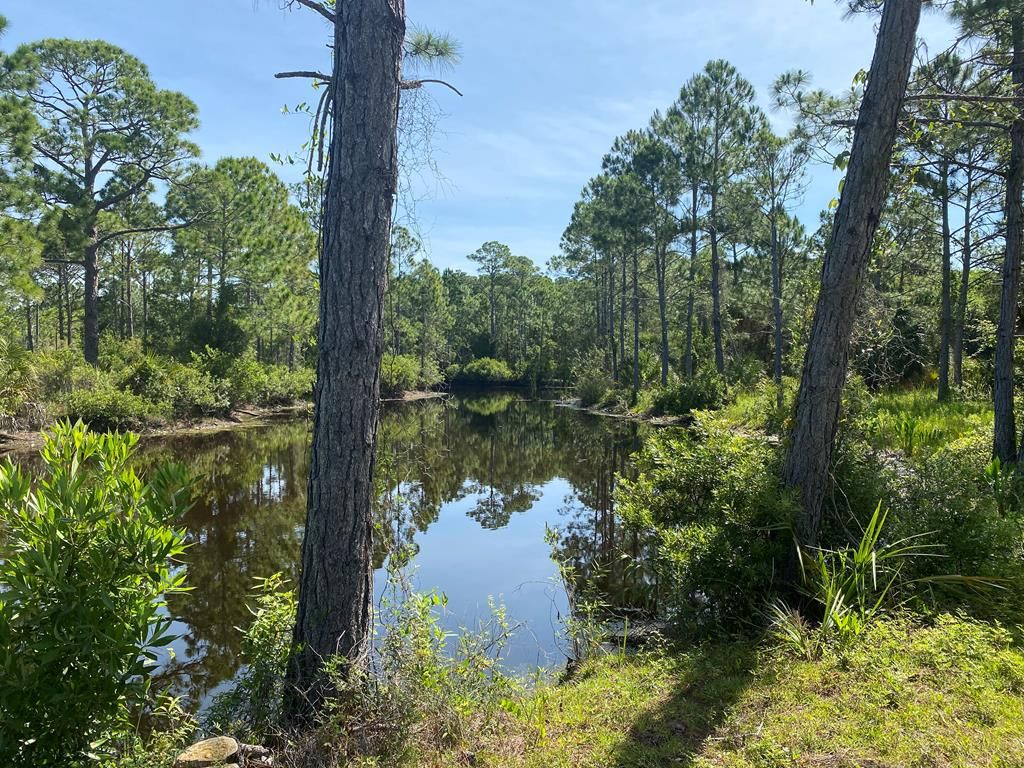 Cedar Key, Levy County, FL Undeveloped Land, Lakefront Property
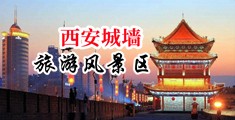 小鸡吧操大逼视频中国陕西-西安城墙旅游风景区
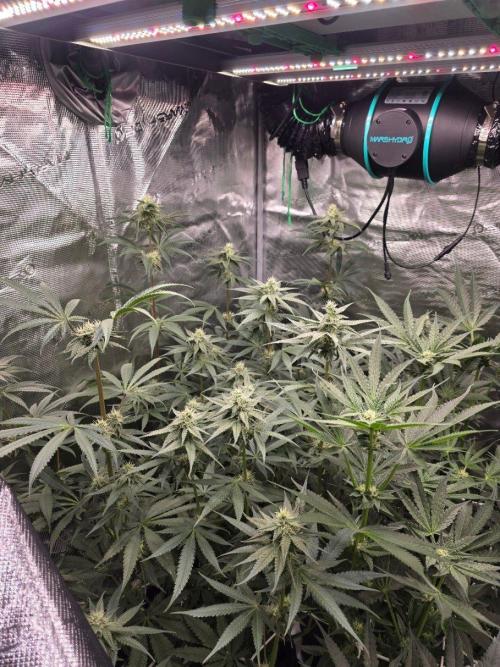 Jelly Donutz. Week 9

□ □ □ □ □

Everything in the listing above is to be given again exactly, apart from the pictures.

 Cedar Key, Levy County, FL Undeveloped Land, Lakefront Property
 小鸡吧操大逼视频中国陕西-西安城墙旅游风景区
 Jelly Donutz. Week 9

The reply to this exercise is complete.